Strategi yang perlu dilakukan dengan meningkatkan kebersihan lingkungan, perilaku hidup bersih dan sehat, pemberantasan tikus yang menjadi vektor tular, dan selalu mengedukasi masyarakat untuk segera ke fasilitas kesehatan jika mengalami gejala. (Imran Pambudi)
Leptospirosis merupakan penyakit demam akut yang dapat terjadi pada hewan dan manusia akibat infeksi dari bakteri Leptospira sp. Bakteri ini bisa masuk ke tubuh manusia melalui kulit yang luka, lecet, ataupun selaput lendir dari urine binatang yang sakit atau binatang yang menjadi vektor penular, yakni tikus. Penularan ini biasanya menyebar dari urine tikus melalui kontaminasi dari lingkungan saat terjadi banjir.
Penanganan terlambat
Staf Departemen Ilmu Penyakit Dalam Divisi Penyakit Tropik dan Infeksi Fakultas Kedokteran Universitas Indonesia-Rumah Sakit Umum Pusat Cipto Mangunkusumo, Sharifah Shakinah, menuturkan, obat leptospirosis mudah diakses dan tersedia di tiap RS. Namun, angka kematian akibat leptospirosis tinggi akibat penanganan terlambat.
Gejala penyakit yang tak khas sering kali membuat deteksi dan diagnosis terlambat dilakukan.
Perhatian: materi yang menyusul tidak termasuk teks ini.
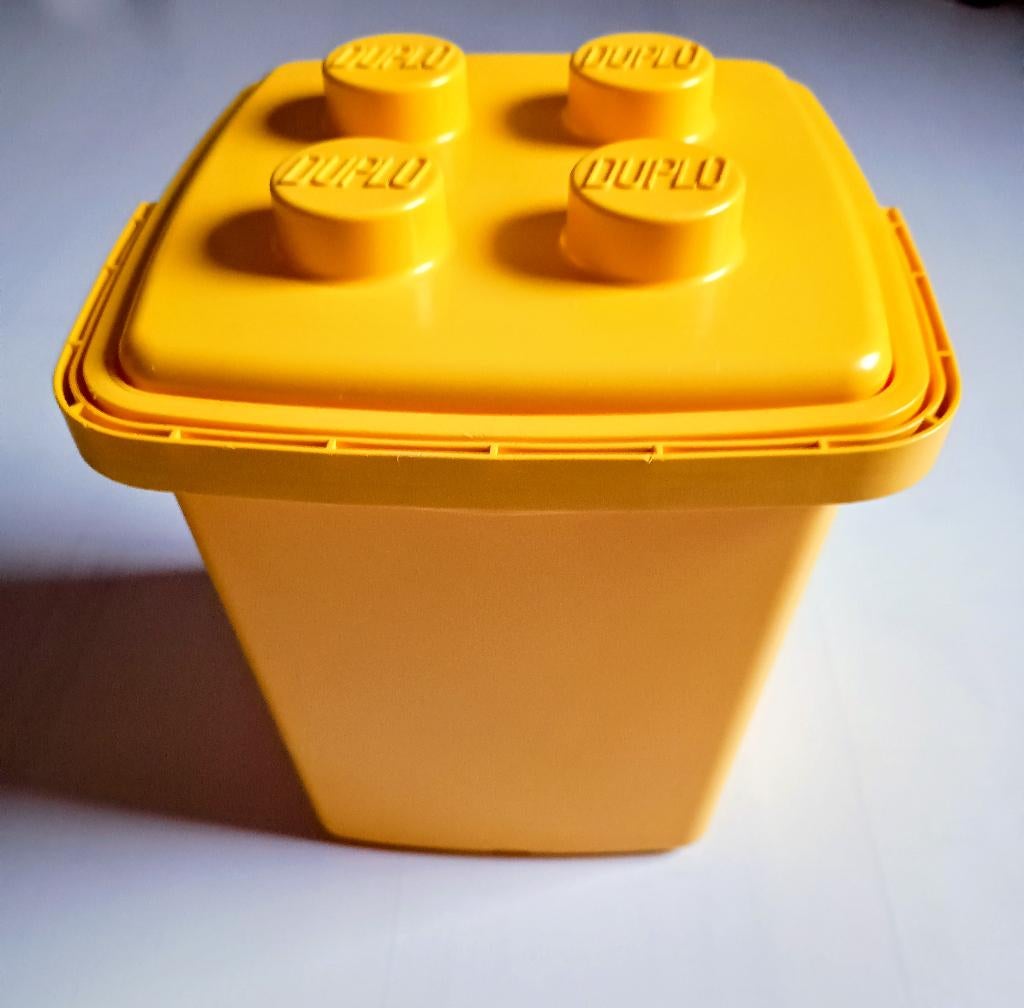Duplo of Lego ton, emmer met hengsel en deksel, Kinderen en Baby's, Speelgoed | Duplo en Lego, Ophalen of Verzenden, Gebruikt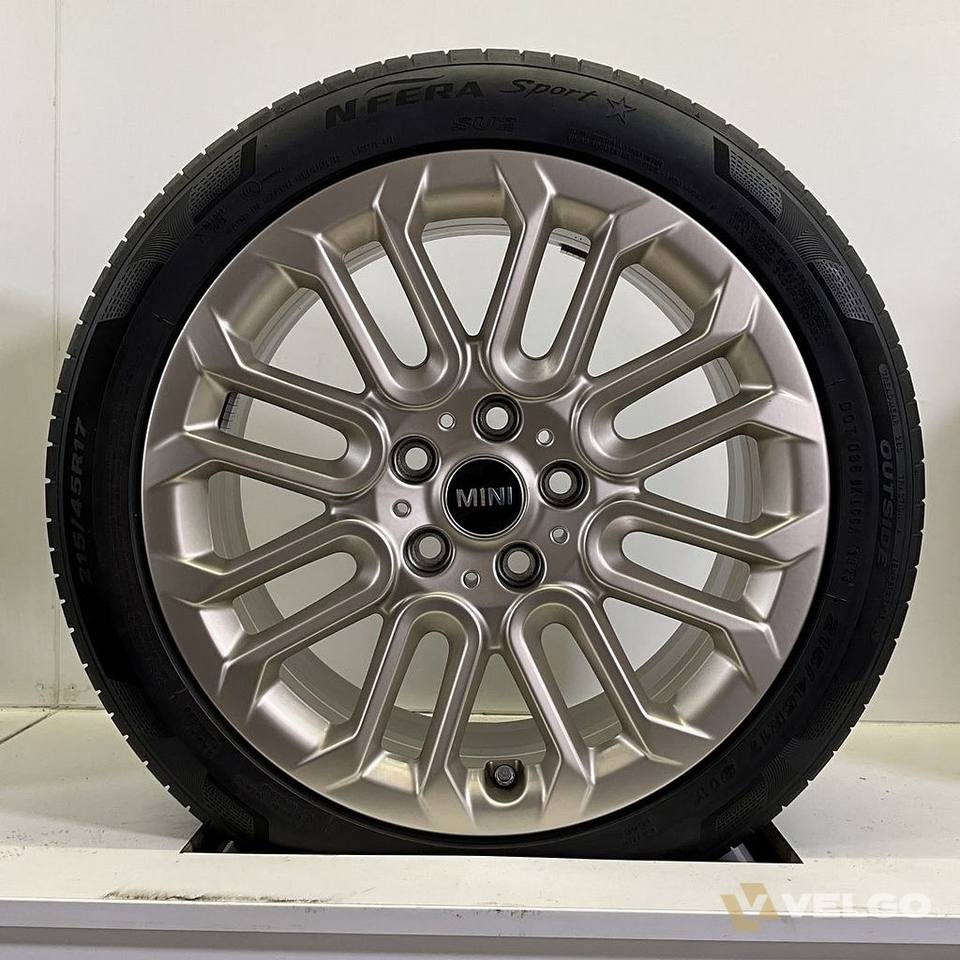 MINI COUNTRYMAN F65 F66 F67 956 SET VELGEN + ZOMERBANDEN 17 INCH — foto 1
Selain itu, diagnosis pasti infeksi leptospirosis membutuhkan pemeriksaan tambahan secara laboratorium melalui pemeriksaan reaksi rantai (polimerase polymerase chain reaction/RT PCR) atau dengan pemeriksaan microscopic agglutination test (MAT).
”Pemeriksaan ini hanya tersedia di beberapa center dan tidak tersedia secara luas. Untuk itu, perlu dukungan pemerintah untuk meningkatkan ketersediaan alat diagnosis, baik diagnosis probable leptospirosis dengan RDT IGM anti leptospiral ataupun diagnosis pasti leptospirosis,” katanya.
Menurut Sharifah, alat diagnosis tersebut harus lebih mudah diakses, terutama pada kondisi tertentu seperti pada musim hujan serta pada rumah sakit yang memiliki daerah geografis dengan pasien berisiko tinggi. ”Apabila dapat lebih awal mendiagnosis, kita dapat mencegah keterlambatan pengobatan dan menurunkan angka mortalitas,” ucapnya.
Penanganan yang terlambat pada kasus leptospirosis dapat menimbulkan komplikasi buruk hingga kematian. Komplikasi yang bisa terjadi pada pasien, yakni gagal ginjal akut yang butuh layanan hemodialisa atau cuci darah, adanya penyakit kuning akibat kerusakan pada organ hati, serta gangguan kesadaran. Pada kondisi terburuk bisa terjadi Weil disease yang merupakan kondisi infeksi leptospirosis berat.
”Upaya pencegahan dan diagnosis yang tepat harus ditingkatkan karena leptospirosis ditemukan hampir di semua wilayah di Indonesia. Edukasi juga harus terus disampaikan, terutama pada kelompok masyarakat berisiko tinggi yang bekerja dengan risiko paparan hewan pengerat atau sekret dari hewan pengerat,” tutur Sharifah.